The only way this can ever happen, I think, is if humans are able to model the building blocks of the brain (i.e neurons) and the processes that created it (i.e. evolution), because there's just no way we'll ever understand all of the emergent behavior of a human brain, as I see it. After all, don't you need something vastly more complex than the thing you're studying in order to understand it?


I think the major problem to overcome is that current computers are based on a von-neumann architecture while I would argue that the brain is not as structured (at least not structured like in a von-neumann architecture).

tl;dr - I agree with Jeff Hawkins about the future of AI


not really. the supercomputers used for brain simulation are massively parallel.


The Kurzweils and Drexlers of the world make a living by claiming that amazing technological advances (immortality, molecular nanotechnology, thinking machines) are far easier than they actually are. When these things fail to get developed in the timescales they predicted, they blame the scientists who failed to make it happen.


Kurzweil has made a living by doing a lot more than just making claims about technology.
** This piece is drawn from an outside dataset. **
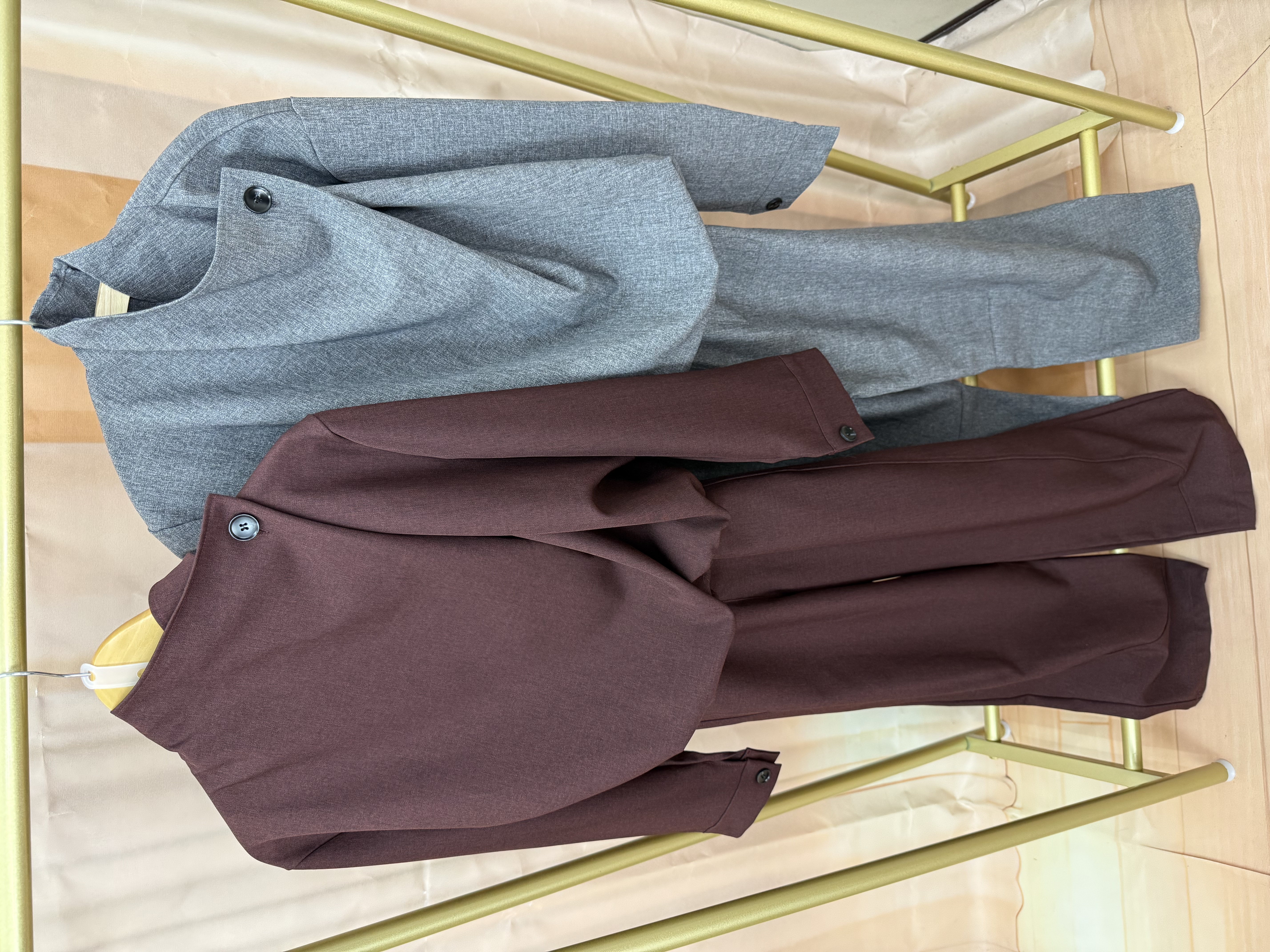 肌理围领阔腿套装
He's created new and contributed to existing technologies throughout his lifetime, and saying he'll throw up his hands and blame others when his predictions fail to crystalize paints him as a crock and disingenuous -- he strikes me as more than competent and extremely passionate in regards to his work and theories.


His fundamental assumption that change will continue to follow an exponential curve because that's what it's doing now seems highly suspect to me. The problems you have to solve become exponentially more difficult as your tools become exponentially more powerful.

The human mind is the product of billions of years of parallel computation and experimentation. Raw horsepower is probably the easy part.


These two podcasts, http://twit.tv/fib52, http://twit.tv/fib55, of an interview with Rahul Sarpeshkar discussing Ultra Power Bioelectronics provide a good summary of current knowledge on how the brain works. There is a decent understanding of how many areas computationally function. The biggest surprises were that the brain is a hybrid digtal/analog computer and something similar jpeg compression is in operation in the brains visual system


But he's not saying "Because that's what it's doing now", he's saying "because that's what it's always done".

Human / animal muscles are also the product of billions of years of experimentation, and a few decades of steam power research trounced them with ease. Just because it's old doesn't mean it's inherently incredibly good and hard to replicate.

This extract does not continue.